- _Problem description_:
With pictures removed, print the listing exactly.

- _Stored data_:
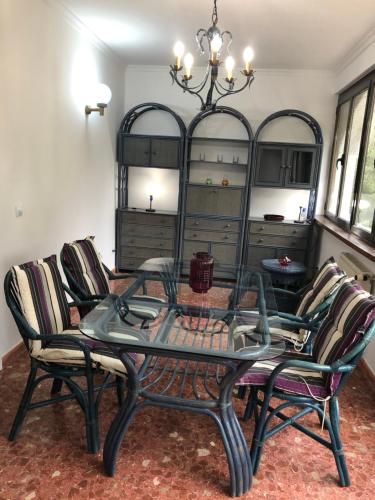  Almisera, Unterkunft in Almiserat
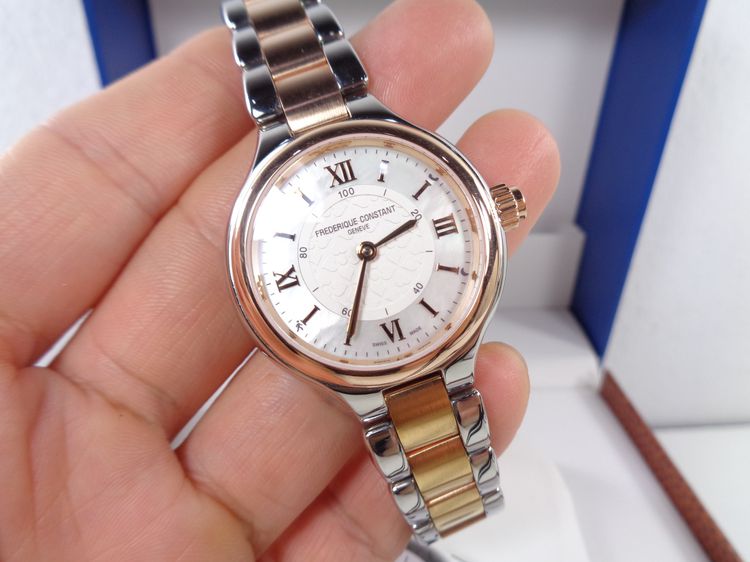 (ป้าย 5.2 หมื่น) Frederique constant Lady’s  2-Tone smart watch หน้ามุกขาว 34 มิล. กล่องใบครบ รูปที่ 10
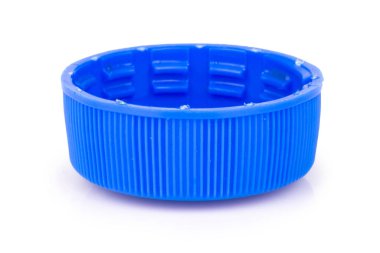 şişe kapağı plastiği beyaz arkaplan rengi maviye izole edilmiş.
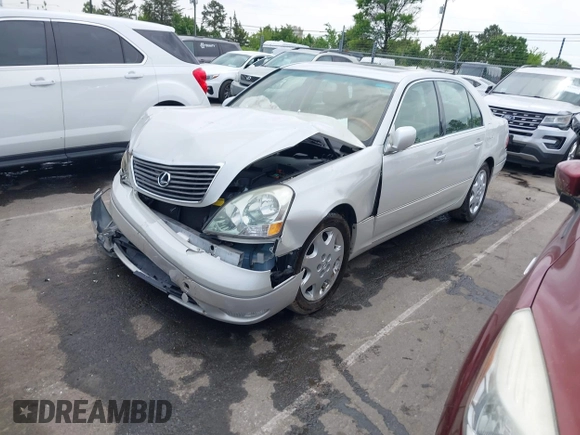2001 Lexus LS 430 with VIN JTHBN30F110026221, listed as a IAAI auction lot 42022976 with 142,418 mi miles. Bid and sale history available at carsss.com. Image 17.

- _Output_:
  Almisera, Unterkunft in Almiserat
 (ป้าย 5.2 หมื่น) Frederique constant Lady’s  2-Tone smart watch หน้ามุกขาว 34 มิล. กล่องใบครบ รูปที่ 10
 şişe kapağı plastiği beyaz arkaplan rengi maviye izole edilmiş.
2001 Lexus LS 430 with VIN JTHBN30F110026221, listed as a IAAI auction lot 42022976 with 142,418 mi miles. Bid and sale history available at carsss.com. Image 17.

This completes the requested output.